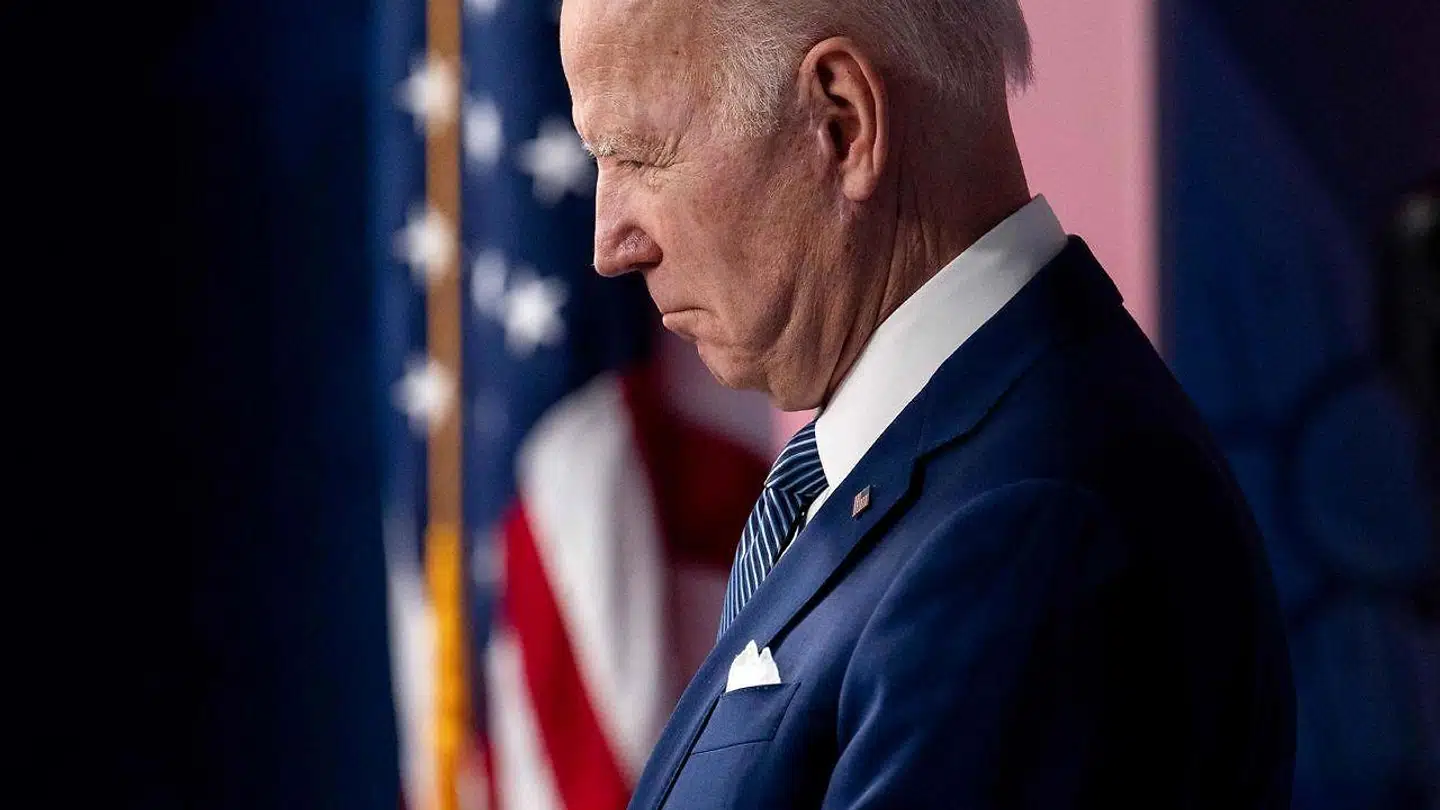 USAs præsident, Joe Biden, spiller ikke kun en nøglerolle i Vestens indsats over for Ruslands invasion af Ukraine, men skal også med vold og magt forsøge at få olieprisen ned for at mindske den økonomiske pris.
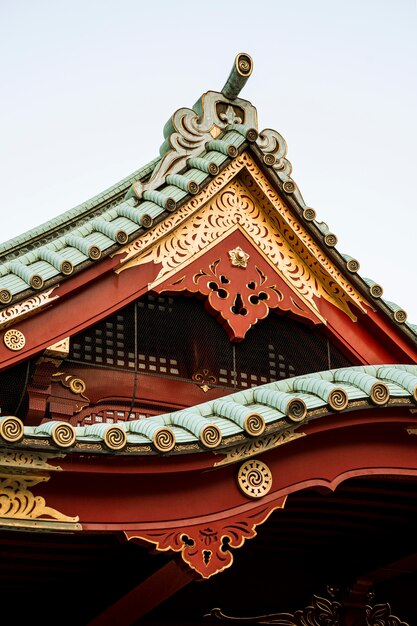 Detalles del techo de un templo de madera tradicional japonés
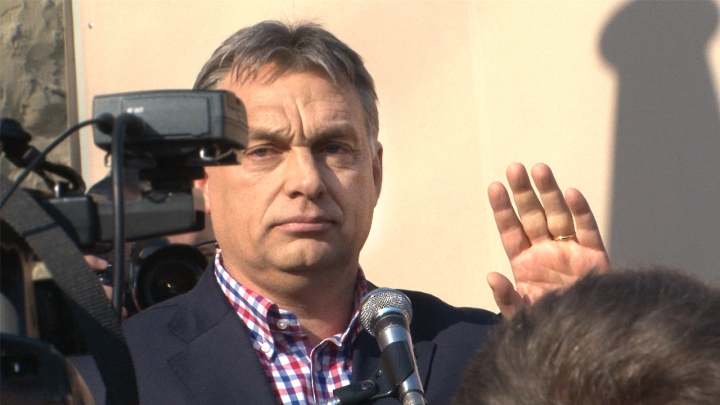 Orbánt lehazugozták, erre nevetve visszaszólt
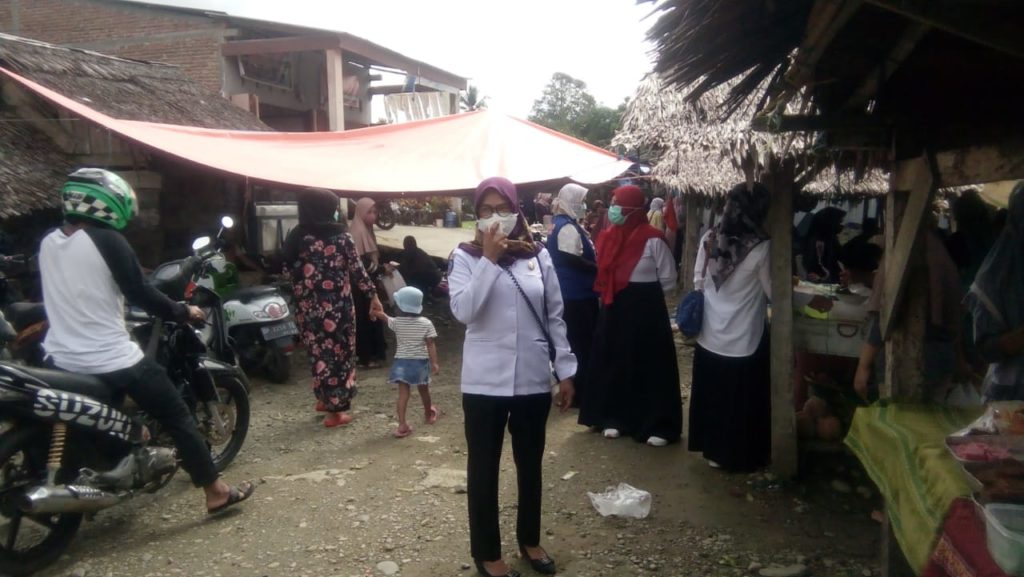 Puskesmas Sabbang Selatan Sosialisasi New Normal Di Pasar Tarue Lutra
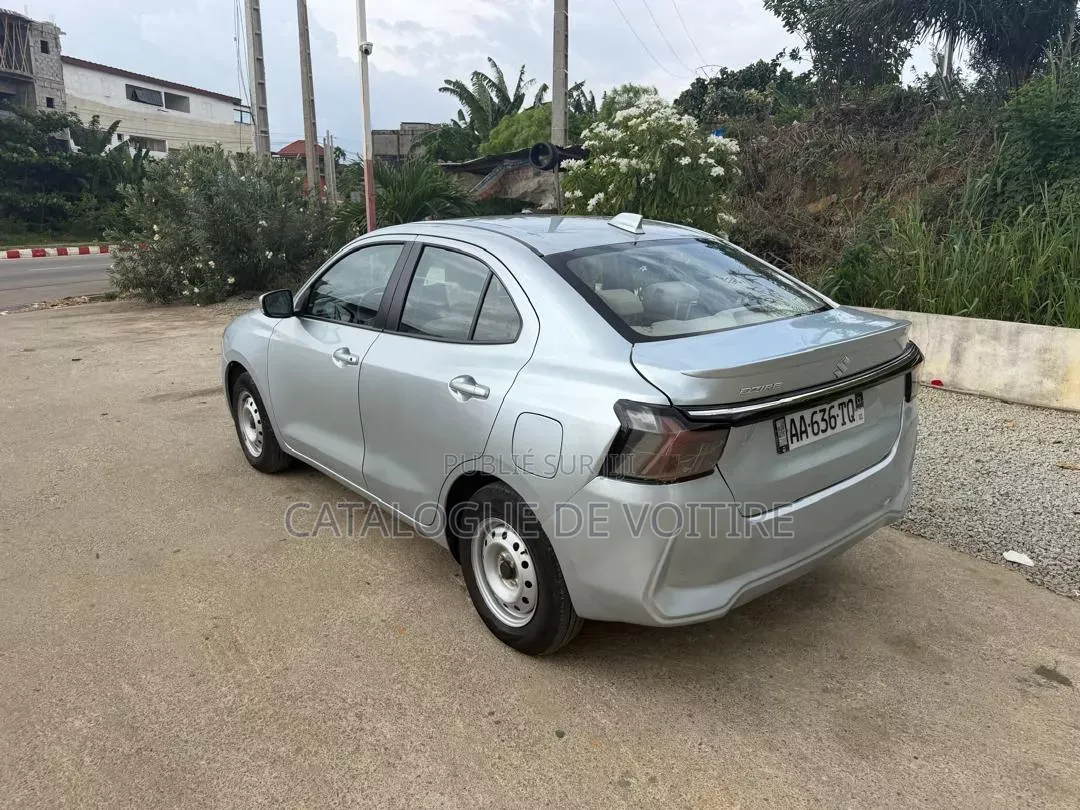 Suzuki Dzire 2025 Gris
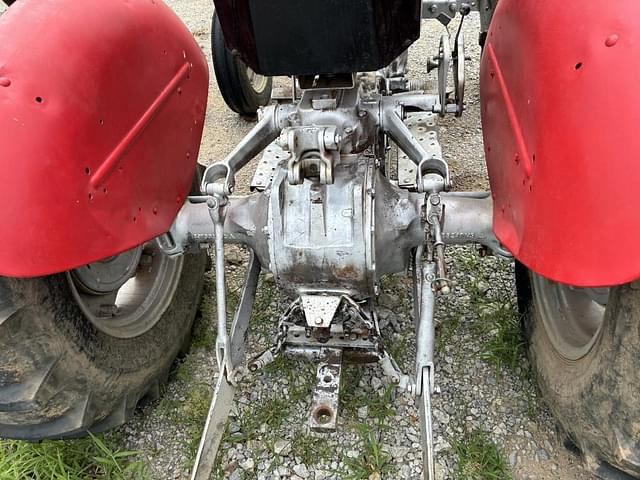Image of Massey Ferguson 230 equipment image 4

□ □ □ □ □

* _EXERCISE AIM_
Leaving the pictures out, give again word for word each line from the one holding "Detalles del techo" through the end of the records.

* _ANSWER SECTION_
 Detalles del techo de un templo de madera tradicional japonés
 Orbánt lehazugozták, erre nevetve visszaszólt
 Puskesmas Sabbang Selatan Sosialisasi New Normal Di Pasar Tarue Lutra
 Suzuki Dzire 2025 Gris
Image of Massey Ferguson 230 equipment image 4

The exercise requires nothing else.